Of course, we made cardboard templates, added ¼" before we cut them out with scissors, and made a different size template for each strip. Today, the spiderweb is a string quilt, pieced on newspaper -- much less labor intensive,more random, and more fun. Nonetheless, Plus ça change, plus c'est la même chose. Here's one I swiped from Pinterest; you can find lots more examples there.
Then I remembered that I used to make a log of baby quilts. In the day before digital cameras, I shot them (poorly), had them developed, and put the photos in a little album.

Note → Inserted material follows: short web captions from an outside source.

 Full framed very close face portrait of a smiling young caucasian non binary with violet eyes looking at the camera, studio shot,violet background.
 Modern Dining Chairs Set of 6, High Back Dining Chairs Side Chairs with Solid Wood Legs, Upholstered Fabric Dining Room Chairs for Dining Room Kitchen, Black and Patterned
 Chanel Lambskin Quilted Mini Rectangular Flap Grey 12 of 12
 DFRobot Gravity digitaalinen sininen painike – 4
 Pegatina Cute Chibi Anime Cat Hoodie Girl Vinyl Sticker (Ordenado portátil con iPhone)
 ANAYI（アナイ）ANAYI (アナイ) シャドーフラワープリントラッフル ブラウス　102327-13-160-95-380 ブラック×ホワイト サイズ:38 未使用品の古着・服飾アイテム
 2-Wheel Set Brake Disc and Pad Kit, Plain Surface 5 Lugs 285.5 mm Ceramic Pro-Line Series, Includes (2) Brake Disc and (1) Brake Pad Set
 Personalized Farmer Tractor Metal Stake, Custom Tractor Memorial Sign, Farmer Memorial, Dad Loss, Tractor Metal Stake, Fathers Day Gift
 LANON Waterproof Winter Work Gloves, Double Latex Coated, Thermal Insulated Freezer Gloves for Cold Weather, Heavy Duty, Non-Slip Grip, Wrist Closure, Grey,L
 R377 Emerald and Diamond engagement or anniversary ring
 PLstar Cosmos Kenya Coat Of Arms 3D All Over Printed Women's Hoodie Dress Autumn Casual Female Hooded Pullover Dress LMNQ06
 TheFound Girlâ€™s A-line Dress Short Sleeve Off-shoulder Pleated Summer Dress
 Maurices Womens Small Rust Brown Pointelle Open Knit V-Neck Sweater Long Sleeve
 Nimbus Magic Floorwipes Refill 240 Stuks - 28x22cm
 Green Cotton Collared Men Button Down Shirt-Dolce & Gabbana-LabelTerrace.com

I had come across the album when I was cleaning up this room and tonight sent me scampering to find it and scan in the photos from 1997-1999. I thought I'd share a few of them with you as I look at them for the first time since those early days. These blocks were experiments: I would make random blocks just to see whether I liked them, and I would play with different color combinations. Even then, I was throwing them into a box and when I needed to make a baby quilt, I pulled some out and went to work.
I love this one the best: it was the first, and I was going to give it to my first grandchild.
But I didn't -- and I'm not sure where it is now. Most of these fabrics were from my grandmother's blanket covers made with scraps from the dress factory whee she worked in the 1940's.
I have absolutely no memory of this one: I wonder whose baby I made it for. This and the one above could easily have been made today. All that negative space - LOL.Oh, yes - I loved making this one: what a challenge! The fabrics, again, were all my grandmother's leftovers. The top left white fabric with the blue & red circles was from an apron she had made. don't know who got this one, either. The photo says 1997. I would not have used the blue sashing today, but it was probably for a boy.